=== PROVIDED MATERIAL ===
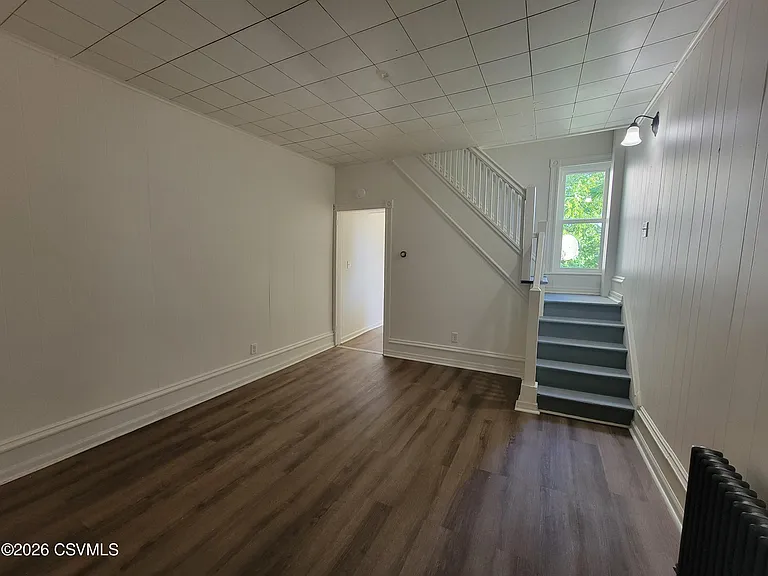 934 W Independence St — Photo 4
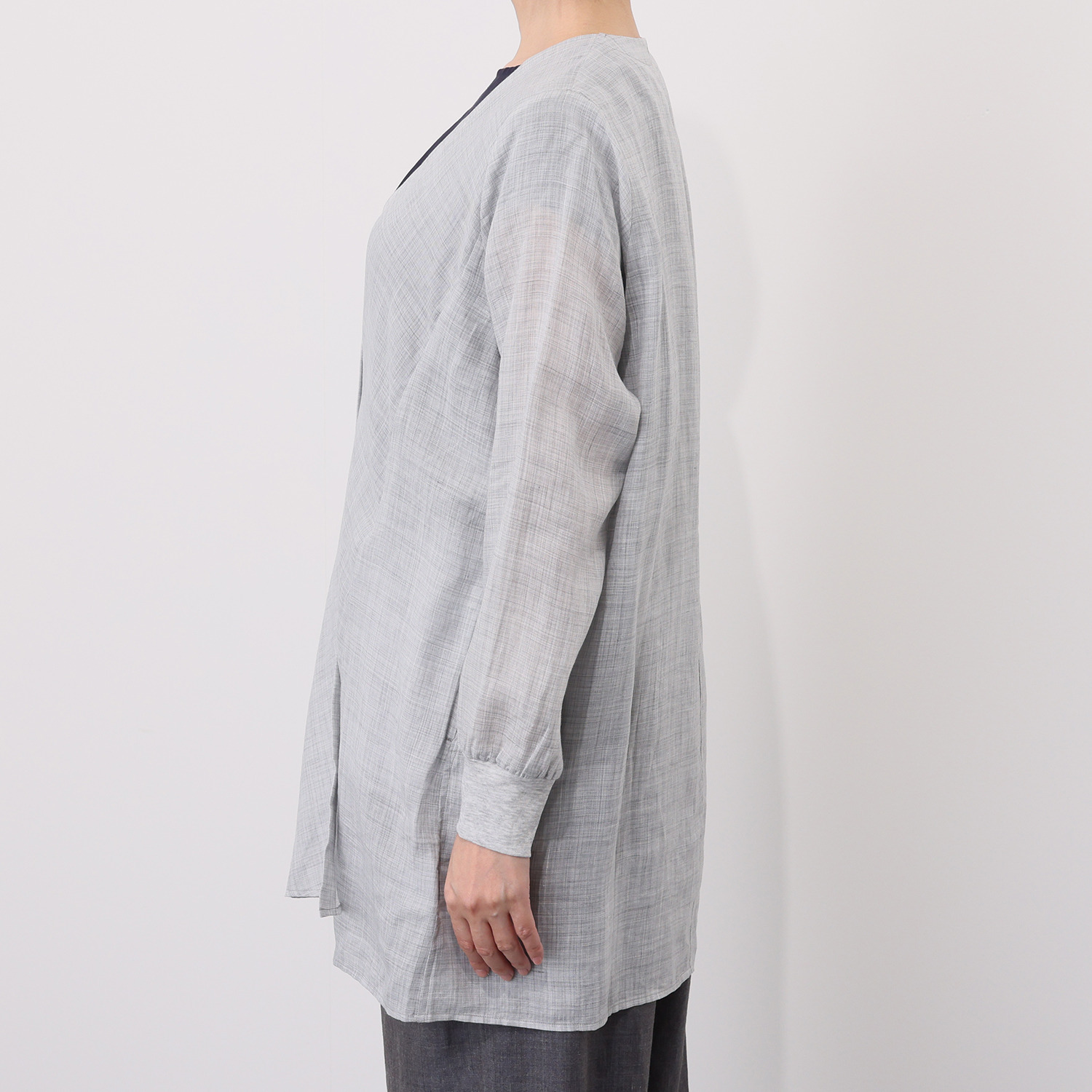 レア　ジェム プレミアムラミーの 極上の涼しさを纏う カーデジャケット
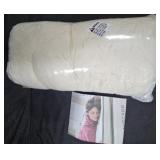 Avocado Pillow White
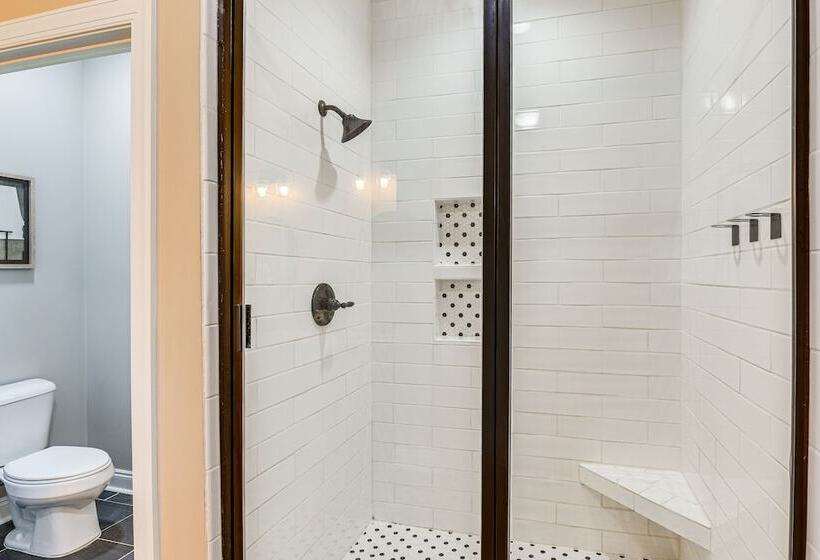 Modern Dothan Home Near Downtown & Hospitals!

=== EXERCISE PROMPT ===
Repeat the material above in full and unchanged, minus its images.

=== TASK RESPONSE ===
 934 W Independence St — Photo 4
 レア　ジェム プレミアムラミーの 極上の涼しさを纏う カーデジャケット
 Avocado Pillow White
 Modern Dothan Home Near Downtown & Hospitals!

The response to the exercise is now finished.